*PROBLEM DETAILS*:
Your response to the data below should hold nothing except the lines from the one containing "Pakistan Made Winter" down to the one containing "mujer zueco grueso", reproduced exactly and without pictures.

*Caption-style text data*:

·····

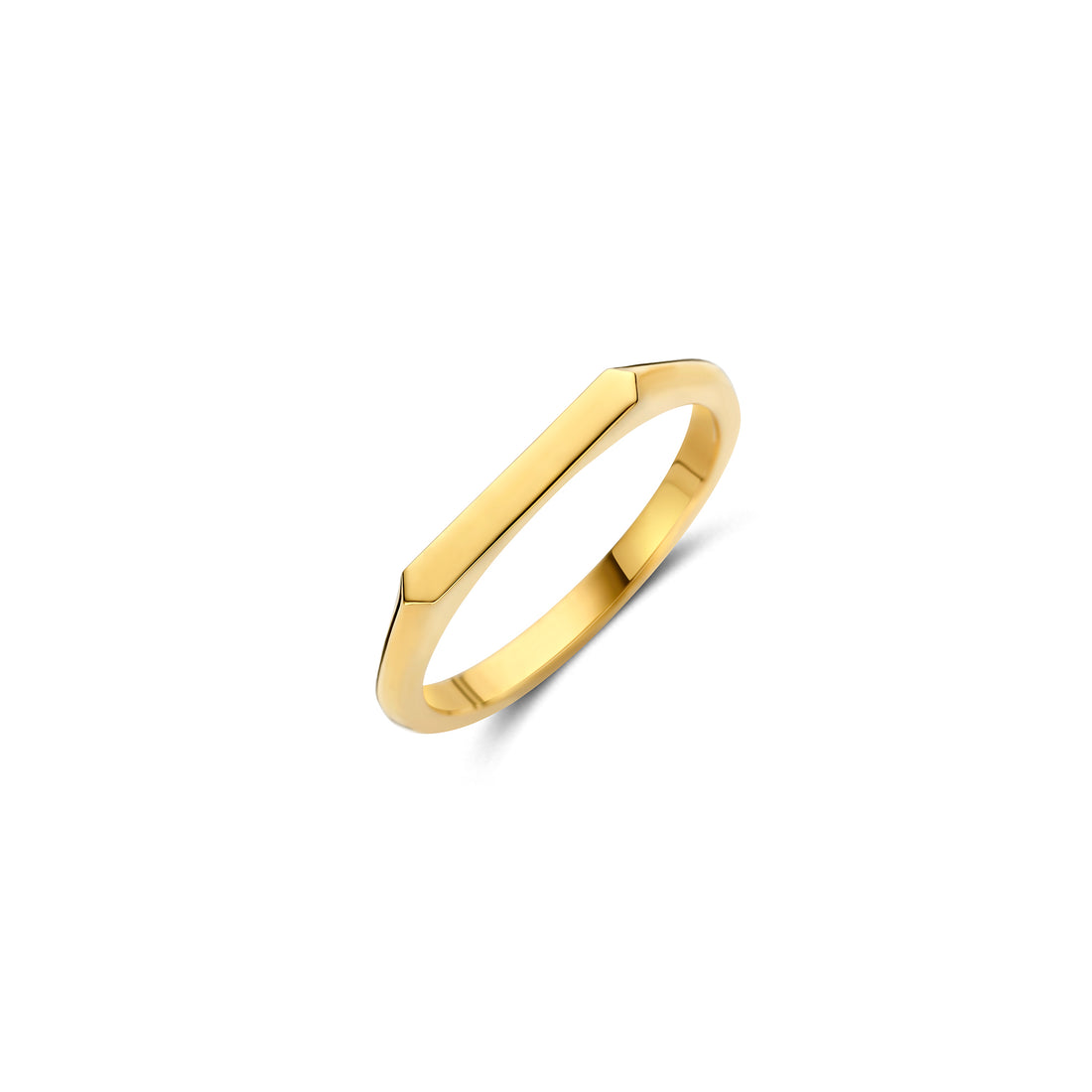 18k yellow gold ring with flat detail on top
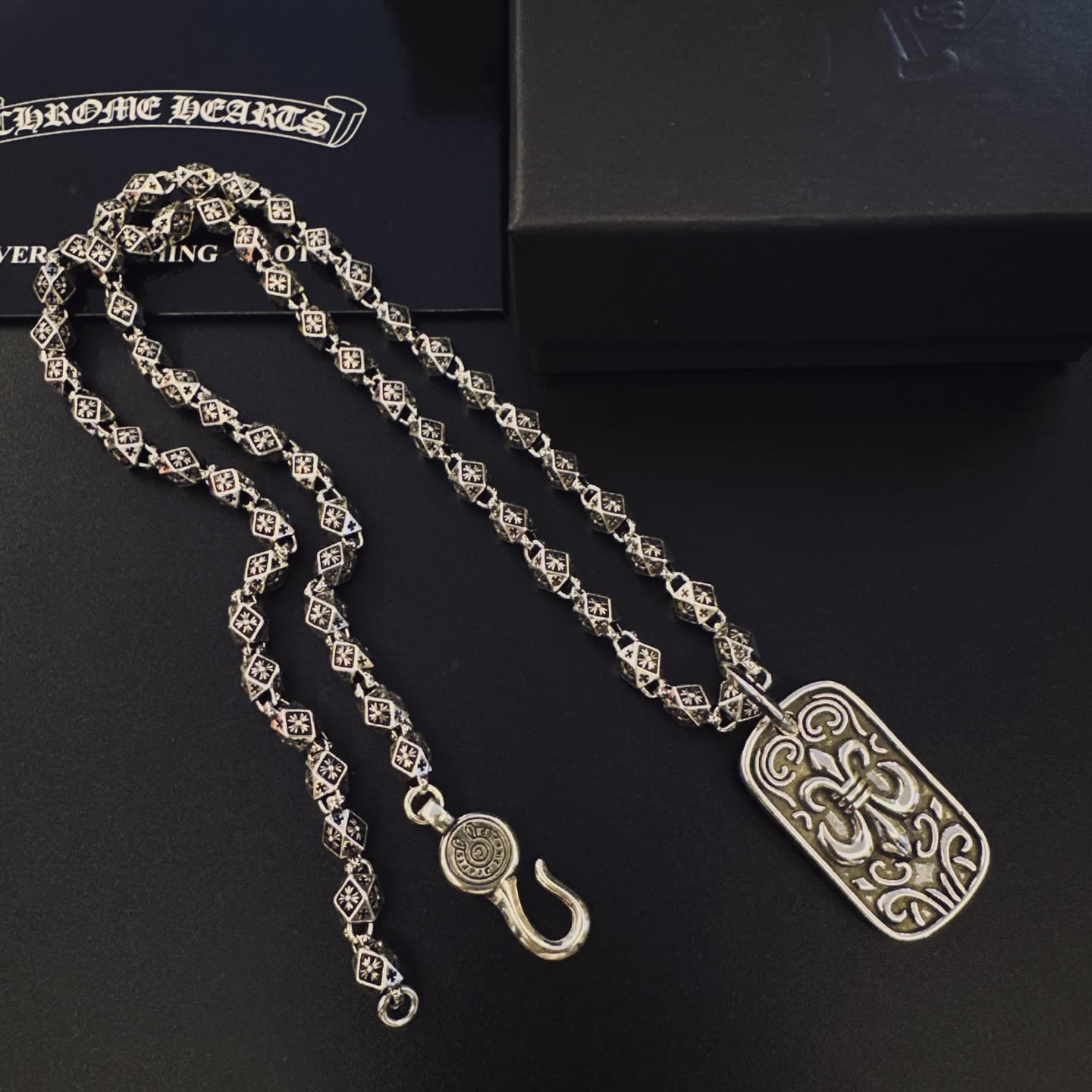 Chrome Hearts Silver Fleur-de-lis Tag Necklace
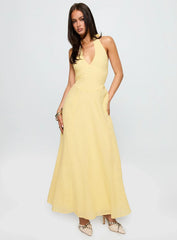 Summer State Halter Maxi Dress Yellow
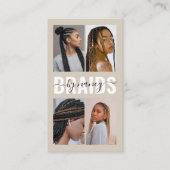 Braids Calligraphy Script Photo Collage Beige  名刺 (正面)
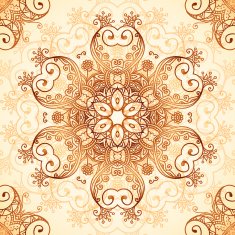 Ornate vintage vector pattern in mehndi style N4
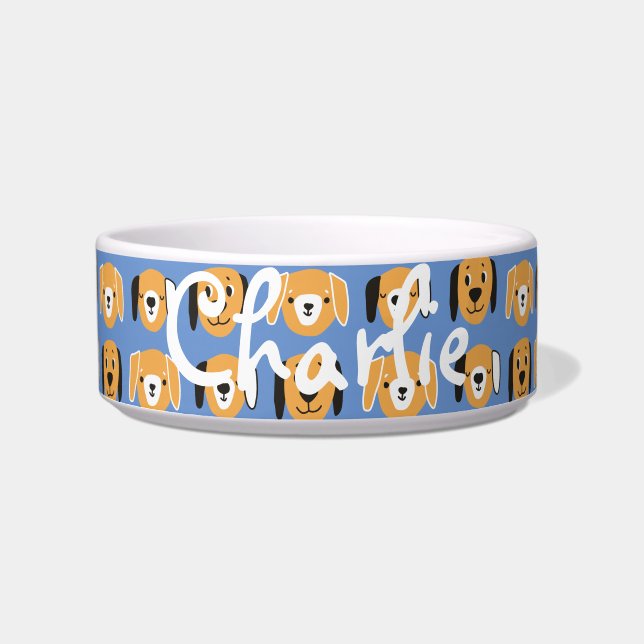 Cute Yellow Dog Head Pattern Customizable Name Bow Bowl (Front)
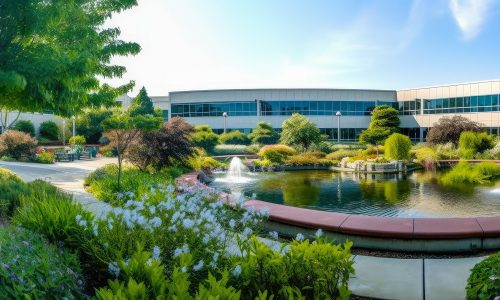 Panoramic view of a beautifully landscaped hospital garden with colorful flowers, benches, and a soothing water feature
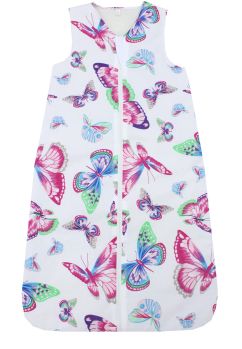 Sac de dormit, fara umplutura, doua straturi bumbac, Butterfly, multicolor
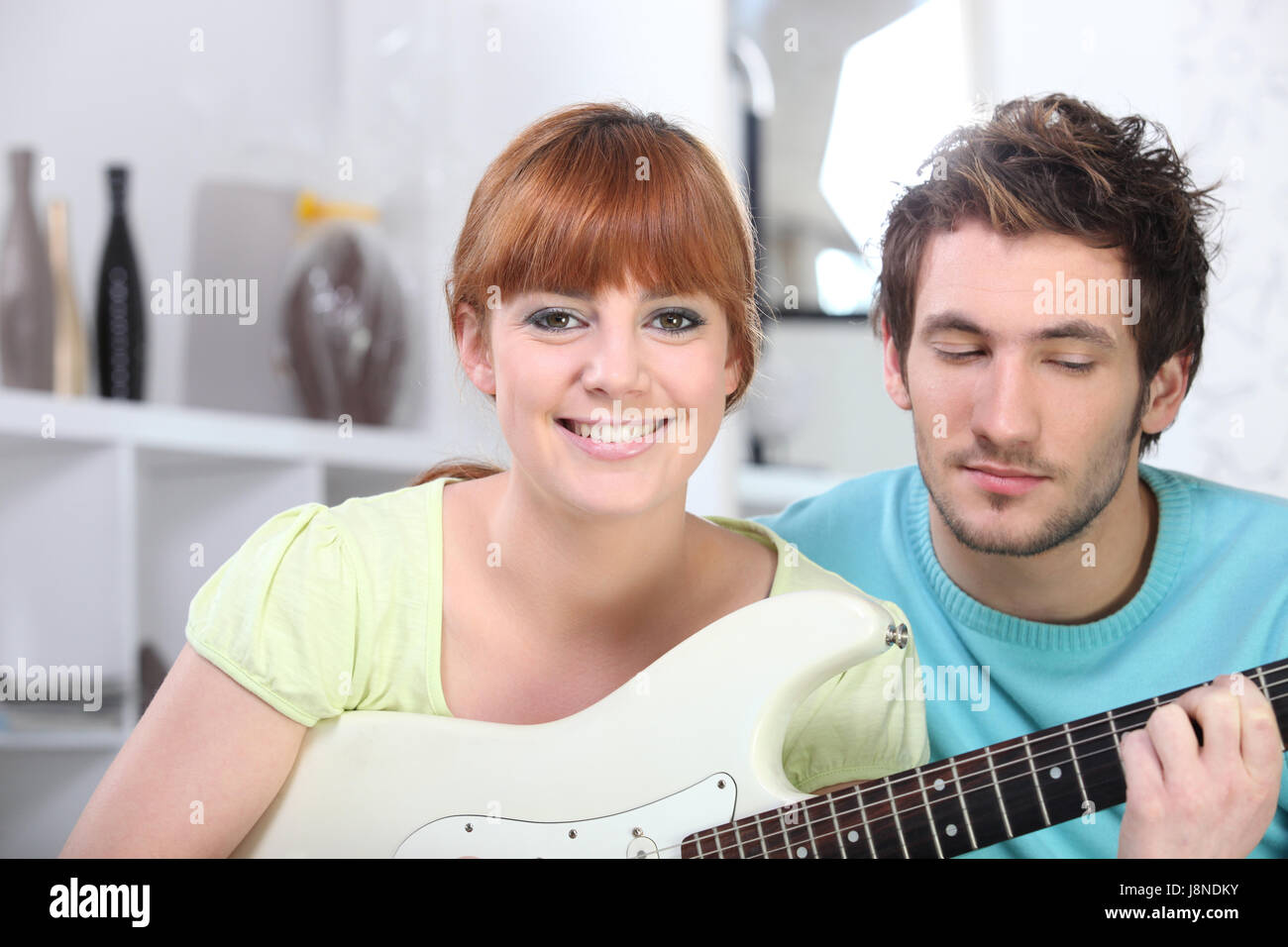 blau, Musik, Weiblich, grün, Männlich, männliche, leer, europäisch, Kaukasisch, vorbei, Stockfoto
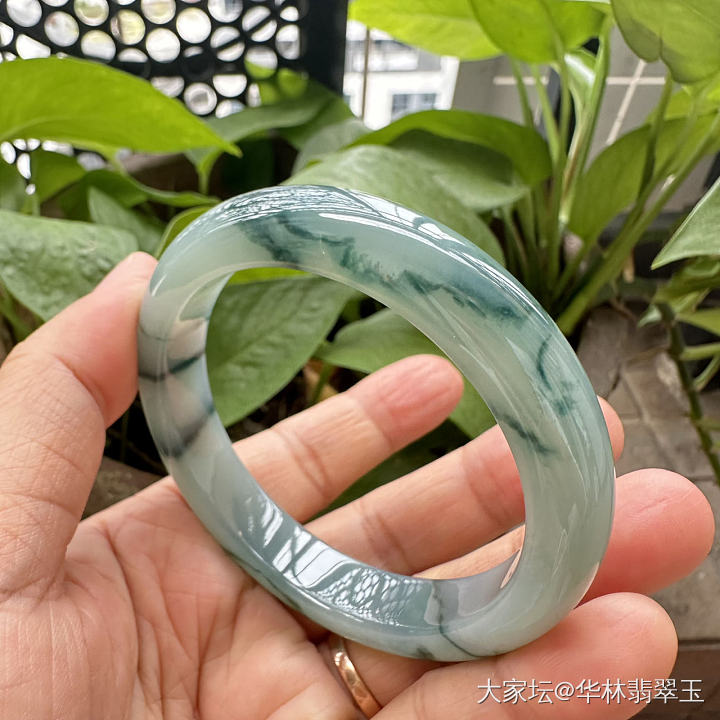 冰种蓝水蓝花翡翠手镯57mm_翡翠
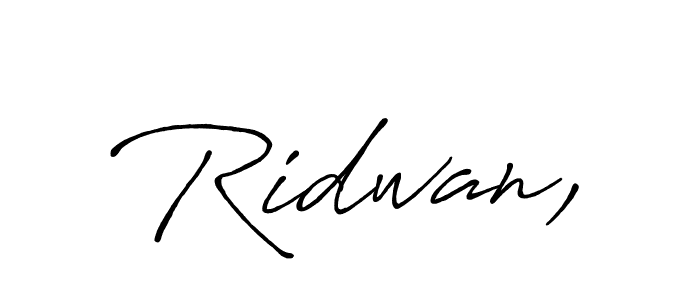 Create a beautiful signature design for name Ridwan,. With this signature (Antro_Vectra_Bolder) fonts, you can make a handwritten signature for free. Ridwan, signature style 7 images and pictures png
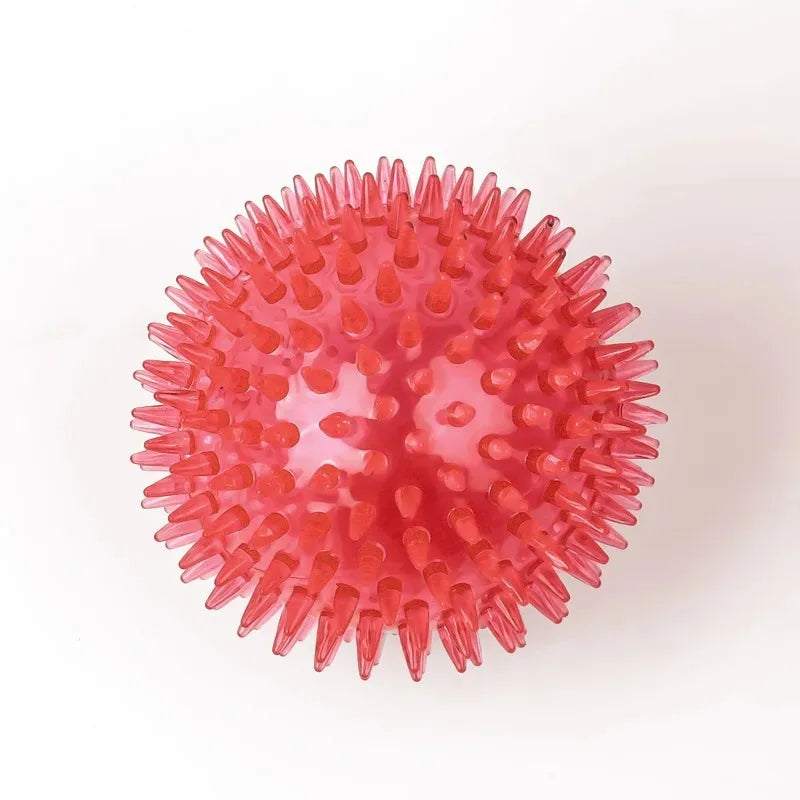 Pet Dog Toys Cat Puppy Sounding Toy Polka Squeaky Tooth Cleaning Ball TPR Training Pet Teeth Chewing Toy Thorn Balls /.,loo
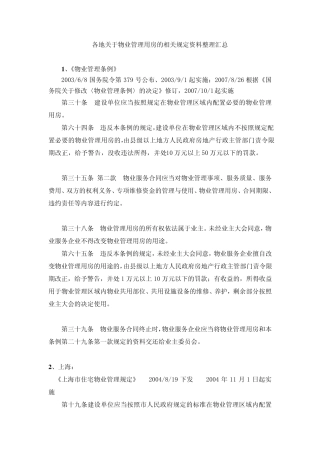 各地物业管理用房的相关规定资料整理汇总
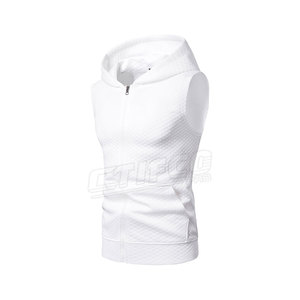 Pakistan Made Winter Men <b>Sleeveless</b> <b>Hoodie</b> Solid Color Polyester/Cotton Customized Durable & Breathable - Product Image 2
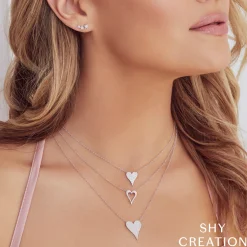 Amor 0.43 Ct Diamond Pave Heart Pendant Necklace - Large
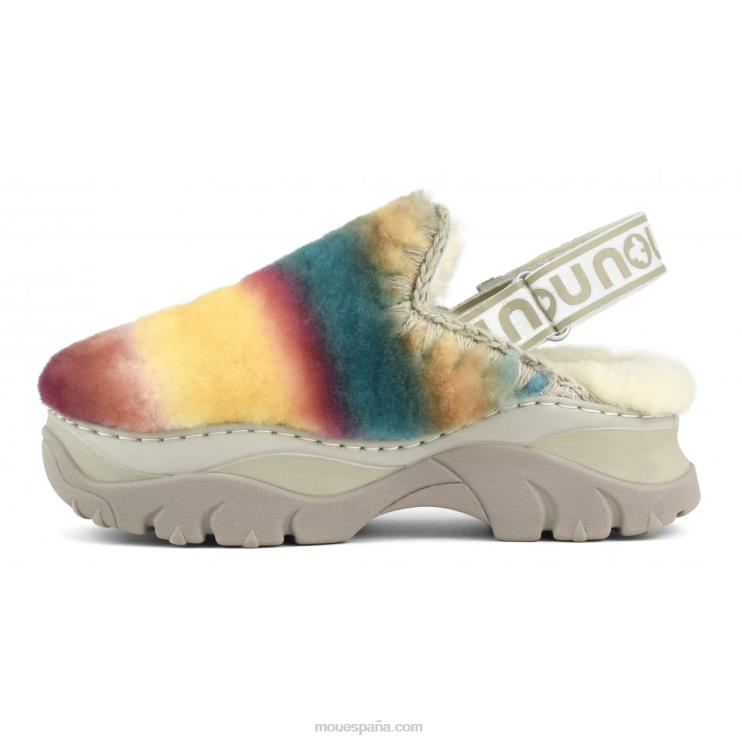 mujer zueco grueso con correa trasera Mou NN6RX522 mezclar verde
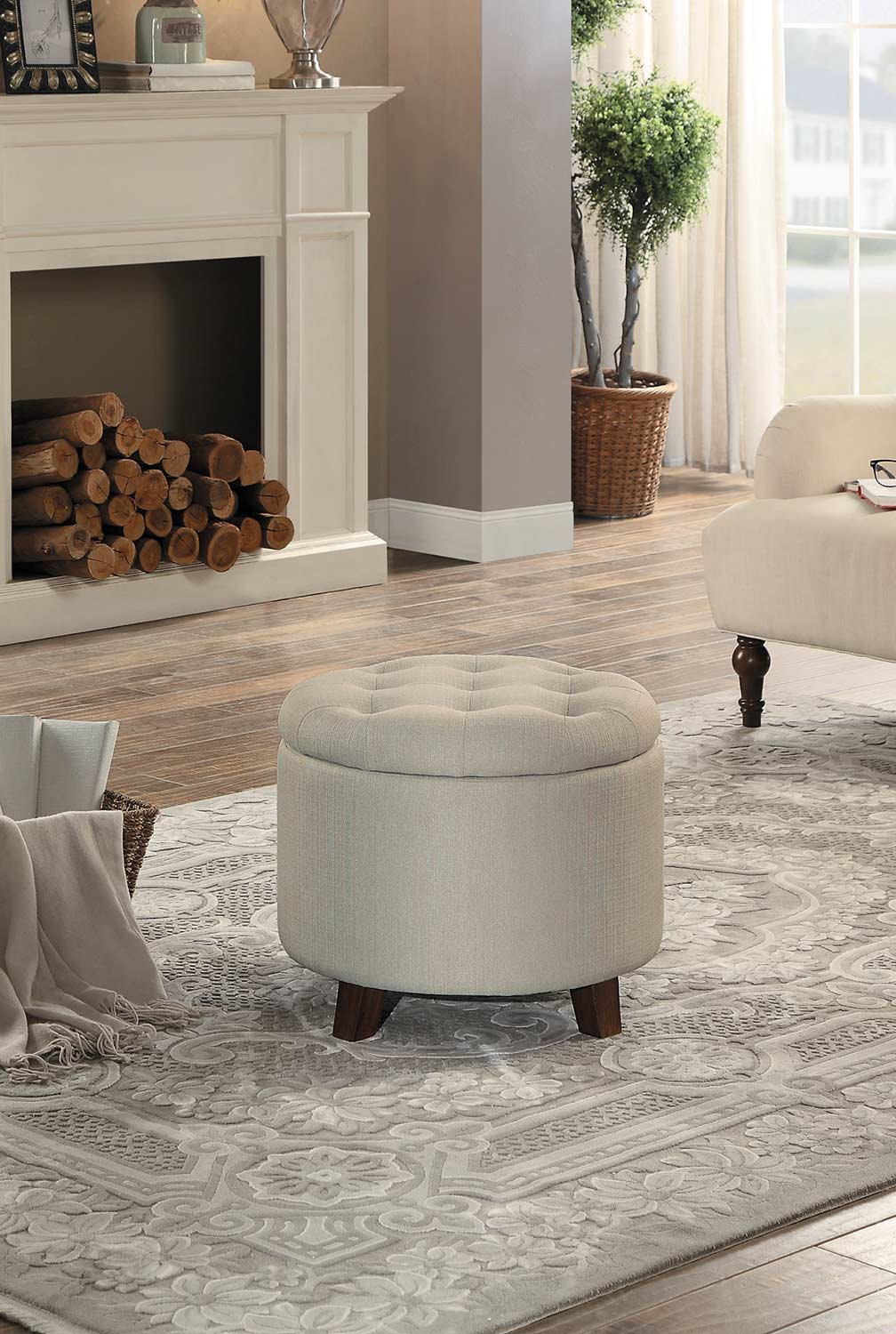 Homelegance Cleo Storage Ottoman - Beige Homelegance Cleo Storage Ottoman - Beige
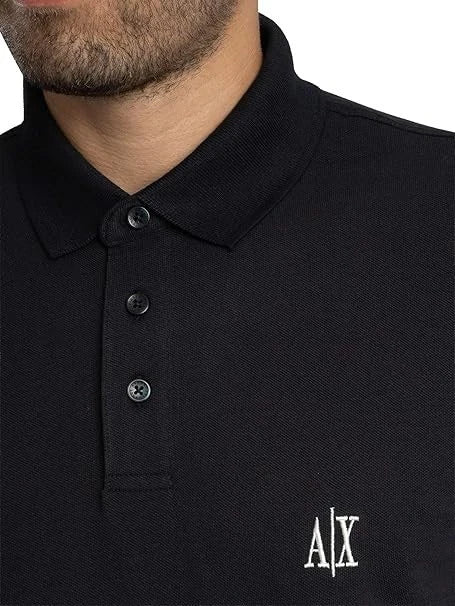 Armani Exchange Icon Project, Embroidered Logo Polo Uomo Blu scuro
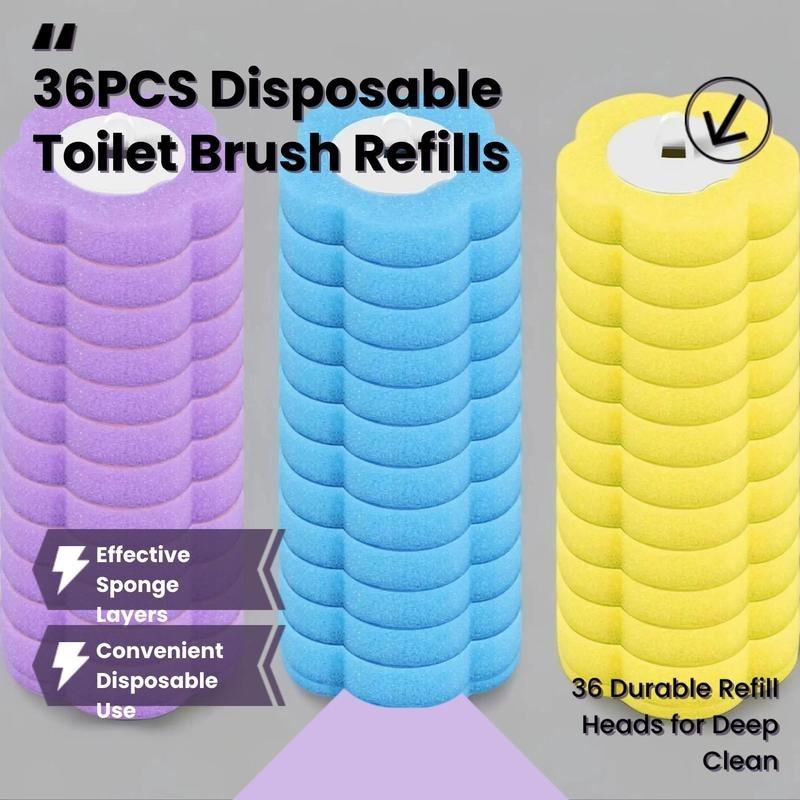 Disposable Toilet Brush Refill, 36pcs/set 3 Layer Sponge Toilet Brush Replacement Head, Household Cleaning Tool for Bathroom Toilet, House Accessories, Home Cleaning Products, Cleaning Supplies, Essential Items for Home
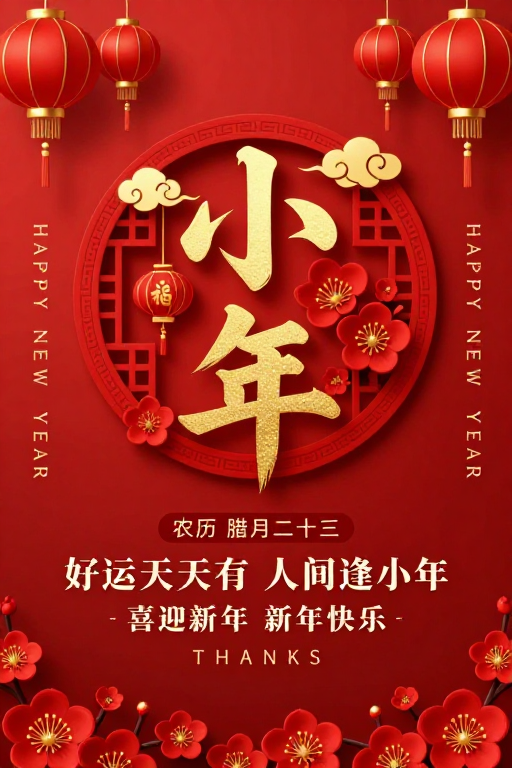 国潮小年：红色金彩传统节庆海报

·····

*TASK ANSWER*:
 Pakistan Made Winter Men <b>Sleeveless</b> <b>Hoodie</b> Solid Color Polyester/Cotton Customized Durable & Breathable - Product Image 2
 Amor 0.43 Ct Diamond Pave Heart Pendant Necklace - Large
 mujer zueco grueso con correa trasera Mou NN6RX522 mezclar verde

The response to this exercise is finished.